(Collection entries)
# # # # # # #

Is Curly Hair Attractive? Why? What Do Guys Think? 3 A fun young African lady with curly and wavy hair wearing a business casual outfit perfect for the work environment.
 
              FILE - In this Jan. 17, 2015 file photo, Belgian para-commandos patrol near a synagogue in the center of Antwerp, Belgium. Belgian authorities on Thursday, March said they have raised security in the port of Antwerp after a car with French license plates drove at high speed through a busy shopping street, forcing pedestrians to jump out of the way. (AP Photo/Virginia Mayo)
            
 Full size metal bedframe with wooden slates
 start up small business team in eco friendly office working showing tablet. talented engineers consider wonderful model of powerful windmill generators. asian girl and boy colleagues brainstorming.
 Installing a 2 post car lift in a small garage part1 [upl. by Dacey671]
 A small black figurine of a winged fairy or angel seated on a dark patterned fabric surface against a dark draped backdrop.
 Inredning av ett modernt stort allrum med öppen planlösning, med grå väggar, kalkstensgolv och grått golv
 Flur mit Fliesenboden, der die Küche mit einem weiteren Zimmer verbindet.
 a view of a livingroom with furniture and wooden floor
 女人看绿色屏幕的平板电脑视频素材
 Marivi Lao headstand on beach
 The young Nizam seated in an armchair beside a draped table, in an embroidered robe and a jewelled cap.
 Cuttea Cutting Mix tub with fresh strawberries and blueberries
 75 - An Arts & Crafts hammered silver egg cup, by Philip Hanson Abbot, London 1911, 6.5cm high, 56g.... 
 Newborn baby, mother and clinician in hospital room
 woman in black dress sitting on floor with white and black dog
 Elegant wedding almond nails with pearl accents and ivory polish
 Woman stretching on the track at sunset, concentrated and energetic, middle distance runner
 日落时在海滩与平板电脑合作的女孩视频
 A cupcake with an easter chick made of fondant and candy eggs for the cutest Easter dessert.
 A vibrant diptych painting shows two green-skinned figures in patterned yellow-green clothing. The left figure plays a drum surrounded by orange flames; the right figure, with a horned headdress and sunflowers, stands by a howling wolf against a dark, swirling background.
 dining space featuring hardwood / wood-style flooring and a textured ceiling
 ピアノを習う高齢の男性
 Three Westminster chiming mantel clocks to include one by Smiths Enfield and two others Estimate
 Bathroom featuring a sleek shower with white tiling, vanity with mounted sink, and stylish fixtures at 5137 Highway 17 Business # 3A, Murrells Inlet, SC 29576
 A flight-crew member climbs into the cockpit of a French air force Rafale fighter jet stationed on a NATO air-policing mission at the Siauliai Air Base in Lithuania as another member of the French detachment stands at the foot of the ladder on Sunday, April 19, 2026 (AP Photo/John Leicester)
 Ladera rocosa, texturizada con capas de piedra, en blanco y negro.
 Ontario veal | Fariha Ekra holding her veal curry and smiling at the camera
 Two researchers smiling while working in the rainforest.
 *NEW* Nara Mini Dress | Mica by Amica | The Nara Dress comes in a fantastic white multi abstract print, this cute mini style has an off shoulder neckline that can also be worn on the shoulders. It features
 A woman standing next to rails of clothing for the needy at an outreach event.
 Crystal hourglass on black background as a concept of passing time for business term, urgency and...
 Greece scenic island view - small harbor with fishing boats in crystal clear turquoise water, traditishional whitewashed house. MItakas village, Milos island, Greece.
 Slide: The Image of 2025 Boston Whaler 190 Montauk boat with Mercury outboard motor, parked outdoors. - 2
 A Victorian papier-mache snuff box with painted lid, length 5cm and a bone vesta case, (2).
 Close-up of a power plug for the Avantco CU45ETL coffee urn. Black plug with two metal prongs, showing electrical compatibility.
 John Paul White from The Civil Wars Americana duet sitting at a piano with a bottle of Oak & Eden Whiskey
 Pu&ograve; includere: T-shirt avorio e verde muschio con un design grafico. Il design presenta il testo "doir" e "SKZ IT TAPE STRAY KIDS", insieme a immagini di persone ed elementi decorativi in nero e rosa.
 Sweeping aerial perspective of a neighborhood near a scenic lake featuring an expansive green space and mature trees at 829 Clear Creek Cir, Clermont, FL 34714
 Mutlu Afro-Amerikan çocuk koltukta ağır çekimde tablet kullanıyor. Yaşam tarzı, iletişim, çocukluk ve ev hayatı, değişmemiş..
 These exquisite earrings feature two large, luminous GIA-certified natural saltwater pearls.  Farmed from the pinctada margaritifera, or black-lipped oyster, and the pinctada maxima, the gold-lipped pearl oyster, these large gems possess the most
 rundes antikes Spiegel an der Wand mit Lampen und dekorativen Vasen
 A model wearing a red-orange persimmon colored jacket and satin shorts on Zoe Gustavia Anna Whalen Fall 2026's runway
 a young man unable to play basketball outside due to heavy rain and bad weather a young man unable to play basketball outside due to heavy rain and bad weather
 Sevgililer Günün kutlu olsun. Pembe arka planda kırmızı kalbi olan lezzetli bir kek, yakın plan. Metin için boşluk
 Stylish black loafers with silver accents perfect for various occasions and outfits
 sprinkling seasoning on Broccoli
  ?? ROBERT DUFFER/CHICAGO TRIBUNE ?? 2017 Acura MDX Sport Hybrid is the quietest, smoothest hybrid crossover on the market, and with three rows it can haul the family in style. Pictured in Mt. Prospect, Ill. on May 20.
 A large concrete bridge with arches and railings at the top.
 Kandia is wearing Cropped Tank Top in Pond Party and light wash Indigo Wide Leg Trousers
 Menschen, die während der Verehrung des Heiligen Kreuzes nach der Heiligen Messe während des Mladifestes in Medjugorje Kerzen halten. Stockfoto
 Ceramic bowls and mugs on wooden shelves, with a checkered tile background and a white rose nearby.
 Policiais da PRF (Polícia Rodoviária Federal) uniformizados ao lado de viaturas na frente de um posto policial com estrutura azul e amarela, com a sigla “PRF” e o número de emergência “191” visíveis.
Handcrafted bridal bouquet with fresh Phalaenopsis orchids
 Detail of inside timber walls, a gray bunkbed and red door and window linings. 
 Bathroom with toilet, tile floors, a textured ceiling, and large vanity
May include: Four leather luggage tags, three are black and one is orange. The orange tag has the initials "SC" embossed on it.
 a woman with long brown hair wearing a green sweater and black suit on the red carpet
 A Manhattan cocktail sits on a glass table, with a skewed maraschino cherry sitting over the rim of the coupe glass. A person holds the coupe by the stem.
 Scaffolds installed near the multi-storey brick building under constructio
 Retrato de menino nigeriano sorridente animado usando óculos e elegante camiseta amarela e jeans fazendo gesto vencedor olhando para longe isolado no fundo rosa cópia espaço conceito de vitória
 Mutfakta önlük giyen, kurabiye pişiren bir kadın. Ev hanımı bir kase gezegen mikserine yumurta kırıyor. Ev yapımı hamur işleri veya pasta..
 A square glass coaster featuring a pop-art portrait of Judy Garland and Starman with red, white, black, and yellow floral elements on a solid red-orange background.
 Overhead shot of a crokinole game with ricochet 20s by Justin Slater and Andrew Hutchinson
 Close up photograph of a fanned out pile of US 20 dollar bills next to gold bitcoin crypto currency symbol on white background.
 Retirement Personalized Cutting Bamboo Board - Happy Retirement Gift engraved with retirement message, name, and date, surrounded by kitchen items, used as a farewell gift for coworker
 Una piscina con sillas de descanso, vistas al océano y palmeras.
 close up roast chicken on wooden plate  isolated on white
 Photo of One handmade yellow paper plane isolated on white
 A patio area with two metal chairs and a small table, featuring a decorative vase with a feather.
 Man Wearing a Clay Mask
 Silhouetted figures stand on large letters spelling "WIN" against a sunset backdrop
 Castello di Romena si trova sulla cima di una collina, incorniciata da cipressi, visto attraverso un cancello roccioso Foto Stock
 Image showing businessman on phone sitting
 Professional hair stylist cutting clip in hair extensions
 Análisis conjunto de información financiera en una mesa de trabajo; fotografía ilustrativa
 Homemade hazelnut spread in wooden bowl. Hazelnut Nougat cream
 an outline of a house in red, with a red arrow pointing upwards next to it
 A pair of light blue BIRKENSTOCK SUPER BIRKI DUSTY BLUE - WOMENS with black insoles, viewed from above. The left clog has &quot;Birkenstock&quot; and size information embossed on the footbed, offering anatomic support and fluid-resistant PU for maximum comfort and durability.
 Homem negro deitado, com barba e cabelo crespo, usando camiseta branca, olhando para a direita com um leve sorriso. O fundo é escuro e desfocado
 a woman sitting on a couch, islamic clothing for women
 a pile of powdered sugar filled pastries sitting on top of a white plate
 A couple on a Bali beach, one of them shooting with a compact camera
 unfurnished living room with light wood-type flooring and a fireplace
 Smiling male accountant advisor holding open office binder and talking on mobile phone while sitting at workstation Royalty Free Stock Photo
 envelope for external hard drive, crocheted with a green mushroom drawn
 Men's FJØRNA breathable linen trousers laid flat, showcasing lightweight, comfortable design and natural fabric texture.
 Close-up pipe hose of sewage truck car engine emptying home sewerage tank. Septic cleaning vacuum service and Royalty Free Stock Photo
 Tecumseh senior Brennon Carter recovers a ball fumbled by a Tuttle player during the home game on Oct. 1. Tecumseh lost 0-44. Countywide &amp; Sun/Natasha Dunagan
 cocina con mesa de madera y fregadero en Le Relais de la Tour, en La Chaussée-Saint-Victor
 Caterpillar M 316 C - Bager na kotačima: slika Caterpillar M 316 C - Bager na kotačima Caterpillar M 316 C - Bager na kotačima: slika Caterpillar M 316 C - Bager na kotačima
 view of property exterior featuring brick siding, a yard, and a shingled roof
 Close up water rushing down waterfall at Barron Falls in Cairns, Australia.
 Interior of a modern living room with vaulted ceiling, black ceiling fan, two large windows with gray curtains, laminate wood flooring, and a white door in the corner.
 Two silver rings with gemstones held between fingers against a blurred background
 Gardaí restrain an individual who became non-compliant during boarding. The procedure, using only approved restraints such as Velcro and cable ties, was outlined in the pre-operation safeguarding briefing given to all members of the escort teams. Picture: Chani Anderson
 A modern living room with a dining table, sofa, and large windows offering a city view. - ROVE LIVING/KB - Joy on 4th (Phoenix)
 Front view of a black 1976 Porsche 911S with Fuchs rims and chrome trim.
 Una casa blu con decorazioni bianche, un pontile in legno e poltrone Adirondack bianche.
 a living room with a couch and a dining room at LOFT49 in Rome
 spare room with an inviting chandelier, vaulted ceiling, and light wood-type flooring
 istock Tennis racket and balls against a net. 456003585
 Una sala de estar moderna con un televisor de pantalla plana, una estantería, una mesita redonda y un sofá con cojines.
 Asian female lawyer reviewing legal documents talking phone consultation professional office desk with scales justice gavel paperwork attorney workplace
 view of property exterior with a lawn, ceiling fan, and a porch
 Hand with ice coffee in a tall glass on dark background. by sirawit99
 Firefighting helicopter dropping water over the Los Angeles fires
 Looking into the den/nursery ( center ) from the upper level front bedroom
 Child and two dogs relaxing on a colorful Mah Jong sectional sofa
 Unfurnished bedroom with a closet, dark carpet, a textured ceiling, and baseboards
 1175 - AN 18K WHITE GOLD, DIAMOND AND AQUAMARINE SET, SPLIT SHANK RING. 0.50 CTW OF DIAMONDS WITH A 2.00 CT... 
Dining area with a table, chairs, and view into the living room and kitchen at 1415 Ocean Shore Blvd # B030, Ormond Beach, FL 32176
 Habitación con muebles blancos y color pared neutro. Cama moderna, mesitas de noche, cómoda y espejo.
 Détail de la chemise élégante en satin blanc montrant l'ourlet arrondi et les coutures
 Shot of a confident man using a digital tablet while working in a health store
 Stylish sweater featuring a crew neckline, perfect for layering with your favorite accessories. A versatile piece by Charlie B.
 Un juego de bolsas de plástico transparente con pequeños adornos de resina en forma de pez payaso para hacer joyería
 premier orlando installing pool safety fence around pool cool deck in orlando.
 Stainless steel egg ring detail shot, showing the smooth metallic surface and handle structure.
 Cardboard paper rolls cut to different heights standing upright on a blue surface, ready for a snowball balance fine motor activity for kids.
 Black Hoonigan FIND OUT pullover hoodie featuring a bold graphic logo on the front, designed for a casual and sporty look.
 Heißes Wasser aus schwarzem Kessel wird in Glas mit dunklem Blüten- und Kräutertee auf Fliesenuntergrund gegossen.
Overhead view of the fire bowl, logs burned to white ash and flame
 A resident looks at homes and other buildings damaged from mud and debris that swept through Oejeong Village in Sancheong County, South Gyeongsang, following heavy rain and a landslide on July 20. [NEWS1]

# # # # # # #

Instructions for the task:
Copy each line above that contains the string "windows".

Solution to this problem:
 Interior of a modern living room with vaulted ceiling, black ceiling fan, two large windows with gray curtains, laminate wood flooring, and a white door in the corner.
 A modern living room with a dining table, sofa, and large windows offering a city view. - ROVE LIVING/KB - Joy on 4th (Phoenix)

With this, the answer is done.